Before discussing what ideal gas pressure is, the content of the concept of “ideal gas” should be clarified. And this concept characterizes a mathematical model, a universal formula, assuming that the distribution of potential and kinetic energy of interacting molecules is such that the value of potential energy can be neglected. The chemical-physical meaning consists in the fact that the absolute elasticity of the walls of the vessels in which the gas is located is assumed, and in addition, the magnitude of the attractive forces of the molecules, the impulses of their impact on the walls of the vessel and against each other are recognized as insignificant.
Such an understanding of the essence of an ideal gas finds wide application in the field of solving the problems of thermodynamics of gases.
In the physical sense, varieties of an ideal gas are distinguished: a classical one, whose properties are determined by the classical laws of mechanics, and a quantum one, whose character is derived from the principles of quantum mechanics.
The first to derive a general equation was the great French physicist Benoit Clapeyron. He also developed the basic principles of the ideal gas theory, which form the basis of all modern theories that study various gases.
The starting point of this teaching is the conclusion that the pressure of an ideal gas is unchanged with a linear dependence of its volume on temperature.
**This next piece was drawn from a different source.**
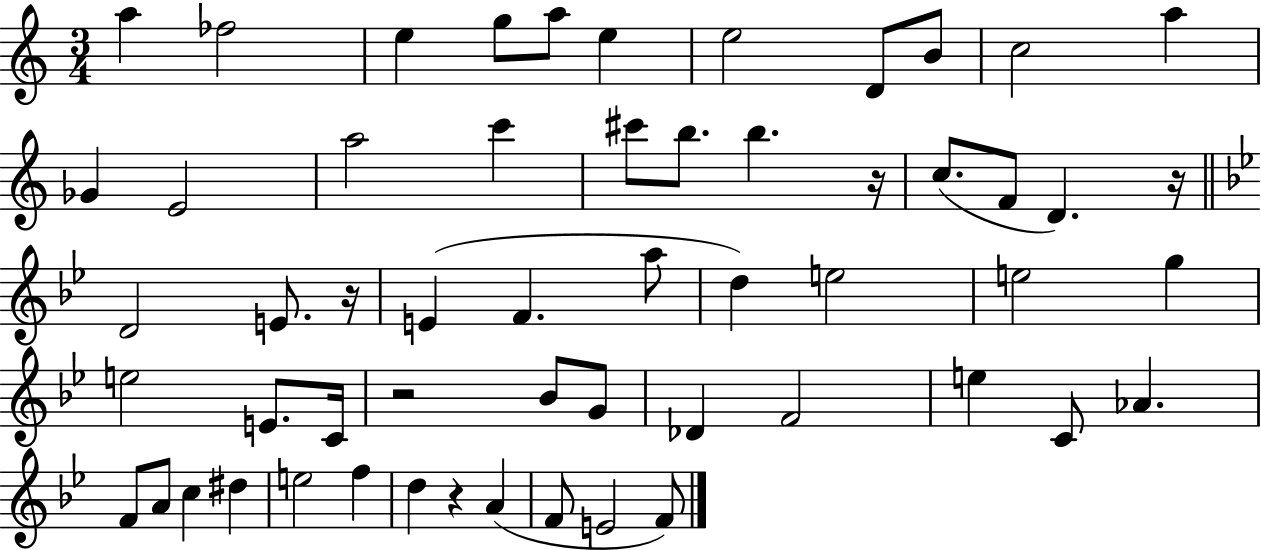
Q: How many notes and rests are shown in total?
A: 56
In this case, some conditional assumptions must be taken into account:
- the diameter of the ideal gas molecule is small to the extent that it can be neglected;
- the momentum between the molecules can be transmitted only during collisions, thus, the force of attraction between them can also be neglected;
- the total value of the energy of the gas molecules is recognized as a constant, in the absence of heat transfer and work performed on this gas. In this case, the pressure of an ideal gas depends on the sum of the momenta that are created when the molecules collide with the walls of the vessel.
During the existence of the doctrine, many scientists were studying the physicochemical nature of gases, and many of them had different approaches. This led to the fact that in physical theory they consider the classification of an ideal gas from the point of view of the laws that this or that physicist put in the basis of his research - Fermi gas, Bose gas and others. So, for example, according to the equivalent approach, the gas in question simultaneously satisfies the laws of Boyle-Mariotte and Gay-Lussac: pV = bT, where p is pressure, T is absolute temperature. Mendeleev’s formula gives a more extensive idea of the properties: pV = m / M x RT, where are indicated: R - gas constant, M - molar mass, m - mass.
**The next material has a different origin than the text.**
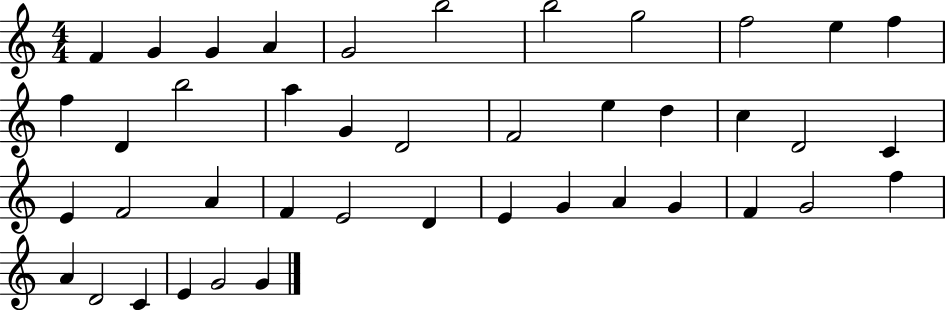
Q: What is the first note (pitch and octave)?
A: F4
One of the earliest and most developed teachings on the properties of gases was the description of such a property as the pressure of an ideal gas. But there were some flaws in this concept related to the one-sided approach to research. So, even by measuring the pressure, we will not be able to find out the parameters of the average kinetic energy of each of the individual molecules, as well as the concentration of these molecules in the vessel. Therefore, some parameter is still needed, with the help of which it is possible to solve the arisen problem. The temperature was proposed by physicists as such a quantity. This scalar quantity in thermodynamics gives an idea of the thermal state of the system and what its dynamics are. But in gas theory, temperature is also important as a molecular kinetic parameter, because it describes the behavior of gas molecules in a vessel and also reflects their average kinetic energy. This value is called the Boltzmann constant.
In order to avoid entering into the complexity of higher mathematics when searching for a pressure formula , it is necessary to artificially introduce some simplifications:
- the form of molecules can be represented as a ball;
- the distance between the molecules is infinitely large, excluding the action of attractive forces;
- the speed of movement of the molecules is set at an average level;
- imagine the walls of the vessel are absolutely elastic.
From this we can derive a formula in which the pressure of an ideal gas will be the quotient of dividing the magnitude of the force acting perpendicular to the vessel wall and the surface area on which this force acts: p = F / S.
In those cases when our simplifications do not work to establish how the pressure of an ideal gas changes, additional values will need to be entered into this simple formula.